[BUG] Fluid native mount points won't be synced in DataLoad
What is your environment(Kubernetes version, Fluid version, etc.)
Describe the bug
Users can define the property loadMetadata: true to ask DataLoad load metadata before it loads the actual data. For fluid-native mountpoints like pvc:// and local://, a POSIX-compliant metadata sync (e.g. run du -sh) is additionally needed before the DataLoad loads their metadata in the ddc engine.
However, the current implementation of DataLoad will not sync metadata of these fluid-native mountpoints because the Pod of the DataLoad job mistakenly mounts the wrong folder. You can see the chart here. The .path used in the chart is actually the absolute path in ddc engine, so in most case the real local folder that needs to sync is not mounted.

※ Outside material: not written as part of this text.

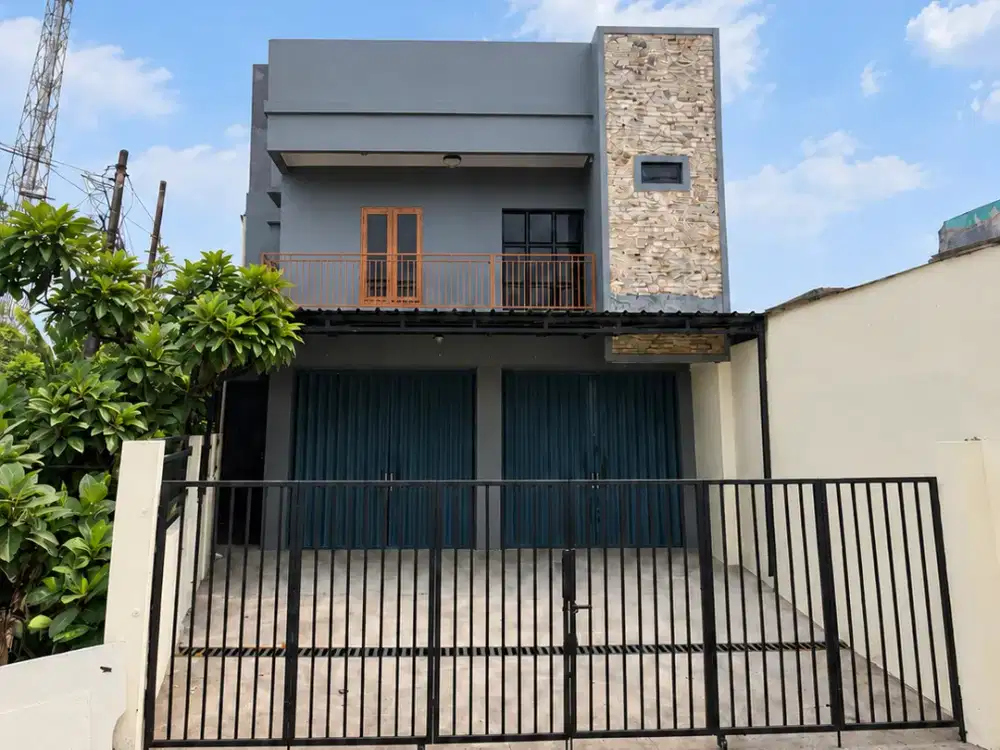 Ruko 2,5 Lantai dengan Rooftop Luas di Puspiptek Pamulang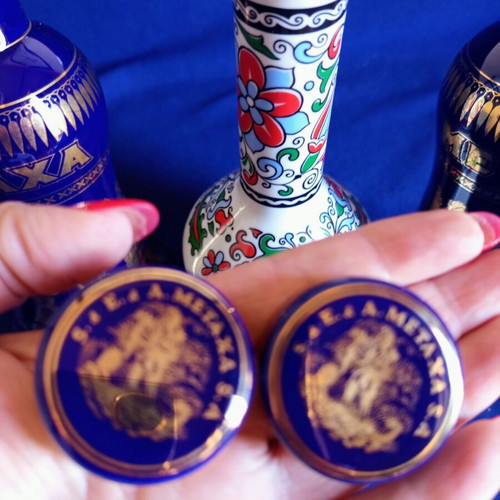Metaxa porcelain bottles set of 3, like new, 18K gold and floral design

What you expect to happen: To ensure the ddc engine can see files and folders under some fluid-native mountpoints, a POSIX-compliant sync operation is needed.
How to reproduce it Here is a quick example:
# dataset.yaml
apiVersion: data.fluid.io/v1alpha1
kind: Dataset
metadata:
name: test
spec:
mounts:
- mountPoint: local:///mnt/test1
name: test1
- mountPoint: local:///mnt/test2
name: test2
---
apiVersion: data.fluid.io/v1alpha1
kind: AlluxioRuntime
metadata:
name: test
spec:
replicas: 1
tieredstore:
levels:
- mediumtype: SSD
path: /var/lib/docker/alluxio
quota: 2Gi
high: "0.95"
low: "0.7"
# dataload.yaml
apiVersion: data.fluid.io/v1alpha1
kind: DataLoad
metadata:
name: ya-dataload
spec:
dataset:
name: test
namespace: default
loadMetadata: true
target:
- path: /test1
replicas: 1
- path: /test2
replicas: 1
Additional Information
Any progress?